> [DATASET EXCERPT]
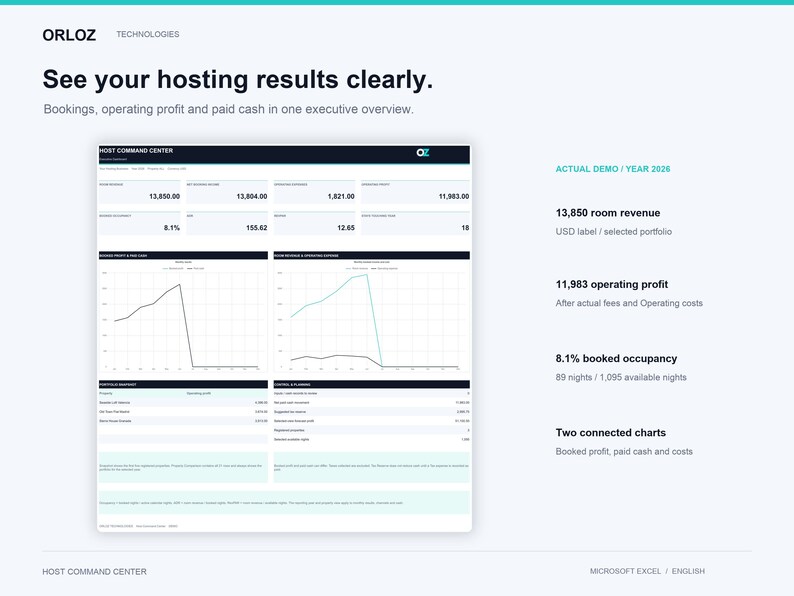 K&ouml;nnte beinhalten: Ein digitales Dashboard mit dem Titel Host Command Center von Orloz Technologies, das Hosting-Ergebnisse f&uuml;r das Jahr 2026 anzeigt. Die Oberfl&auml;che enth&auml;lt Finanzkennzahlen, Zimmerums&auml;tze, Betriebsgewinne und zwei Liniendiagramme.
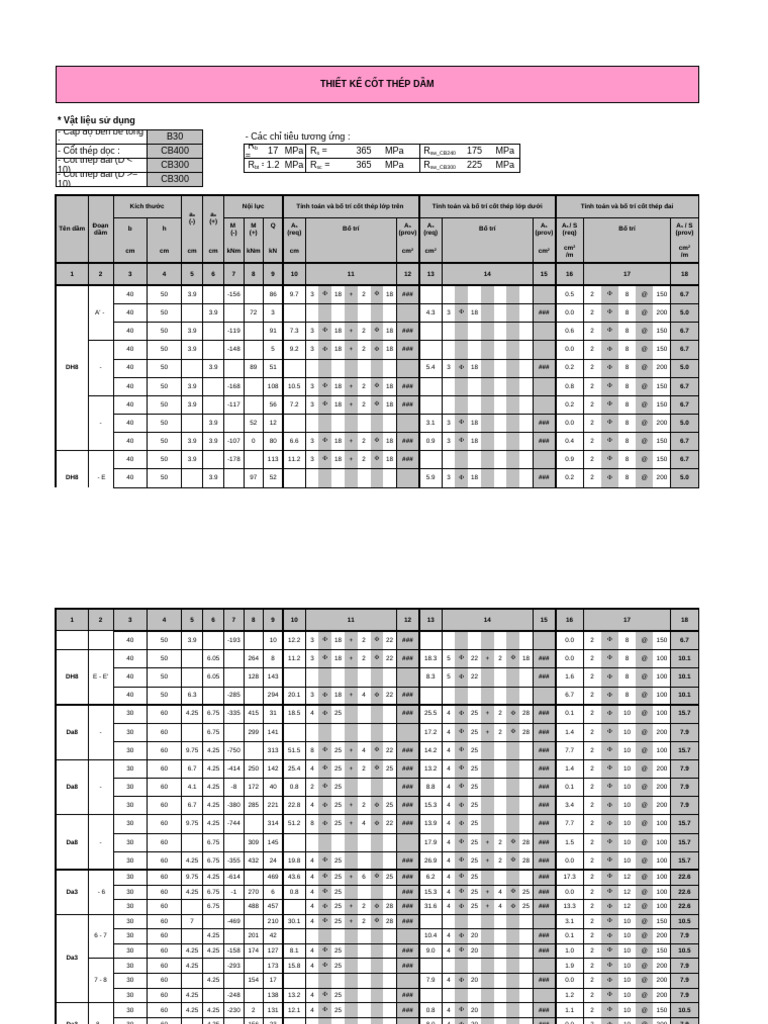 TT Dam | PDF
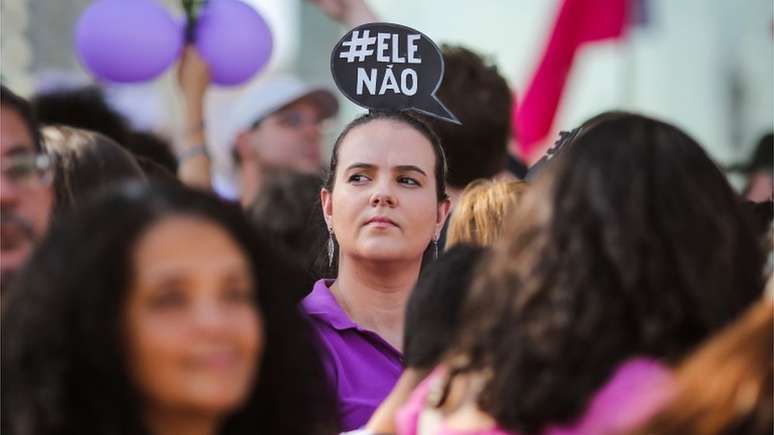 Nenhuma das pessoas que responderam pesquisa disse ter apenas ensino fundamental ou nenhuma escolaridade; 86% cursava faculdade ou tinha completado o Ensino Superior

> [EXERCISE]
Go through the listing and restate each line word for word, leaving out the pictures.

> [SOLVED PROBLEM]
 K&ouml;nnte beinhalten: Ein digitales Dashboard mit dem Titel Host Command Center von Orloz Technologies, das Hosting-Ergebnisse f&uuml;r das Jahr 2026 anzeigt. Die Oberfl&auml;che enth&auml;lt Finanzkennzahlen, Zimmerums&auml;tze, Betriebsgewinne und zwei Liniendiagramme.
 TT Dam | PDF
 Nenhuma das pessoas que responderam pesquisa disse ter apenas ensino fundamental ou nenhuma escolaridade; 86% cursava faculdade ou tinha completado o Ensino Superior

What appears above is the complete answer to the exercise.